Os tempos muito conturbados que o Sporting viveu em termos desportivos, financeiros e sobretudo institucionais este século transformaram as Assembleias Gerais do clube no melhor barómetro para medir o pulso dos sócios leoninos. Recuemos até 2006: desde a reunião magna inicialmente marcada para a antiga FIL (que passou depois para o Pavilhão Atlântico, por haver o dobro de inscritos para um espaço que poderia albergar mais de duas mil pessoas) para a votação da venda do património não desportivo até ao ato marcado que nunca chegou a acontecer em pleno estádio José Alvalade e que precipitou as eleições antecipadas de 2013, houve um pouco de tudo: contestação, ânimos a ferver, discursos exaltados, pedidos de demissão. Depois, parou.

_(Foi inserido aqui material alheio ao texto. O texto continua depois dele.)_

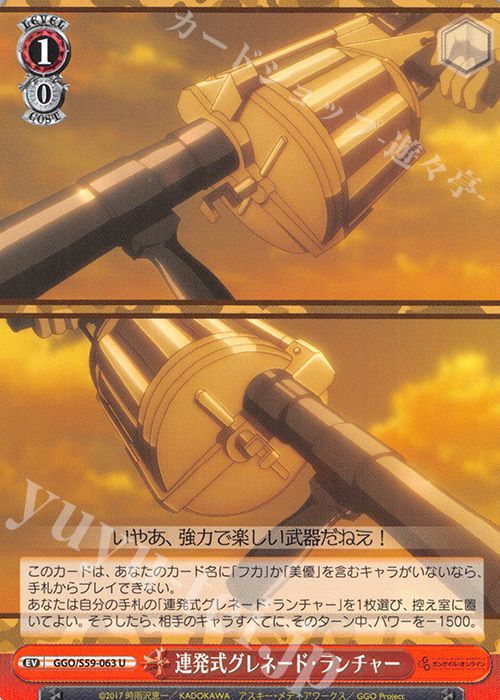 U 連発式グレネード・ランチャー | 買取 | ソードアート・オンライン オルタナティブ ガンゲイル・オンライン | ヴァイスシュヴァルツ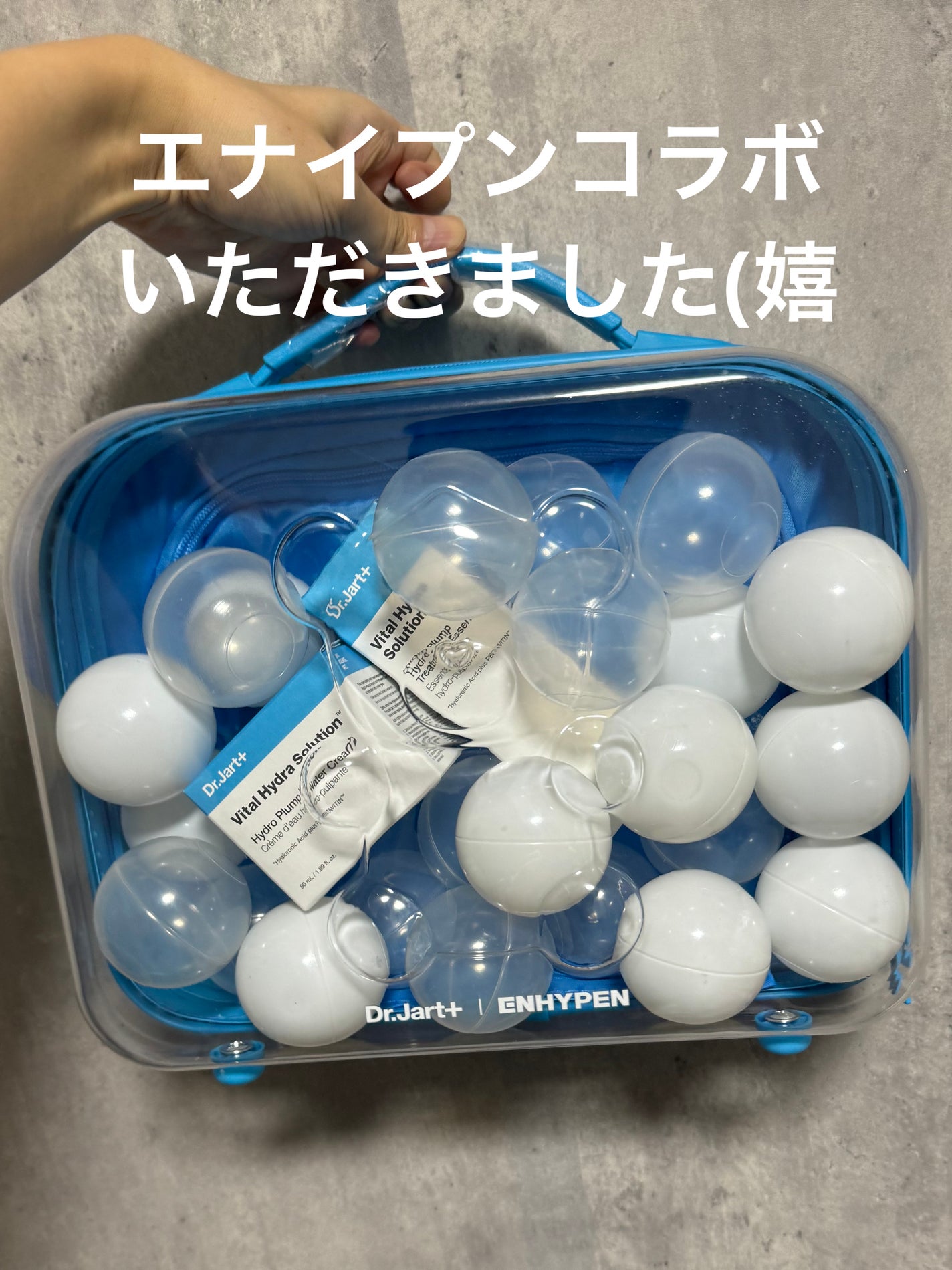 バイタル ハイドラ ソリューション ウォータークリーム/Dr.Jart+/フェイスクリームを使ったクチコミ(6枚目)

Desde a assembleia geral em que Bruno de Carvalho apresentou os resultados das negociações com a banca para fechar a reestruturação financeira que o ambiente mudou e, nos últimos anos, o número de sócios a participar no ato foi baixando (o que, em termos de grandes clubes de futebol, costuma ser mais vezes interpretado como sinal de acalmia do que outra coisa). Existe um sem número de razões para tal, desde a inexistência de uma oposição atuante à passagem em direto das intervenções iniciais do presidente leonino do canal do clube. Ao ponto de, nas derradeiras reuniões magnas, ter havido um pedido expresso do número 1 verde e branco para que os associados marcassem presença. Em termos internos, o clube foi readquirindo estabilidade.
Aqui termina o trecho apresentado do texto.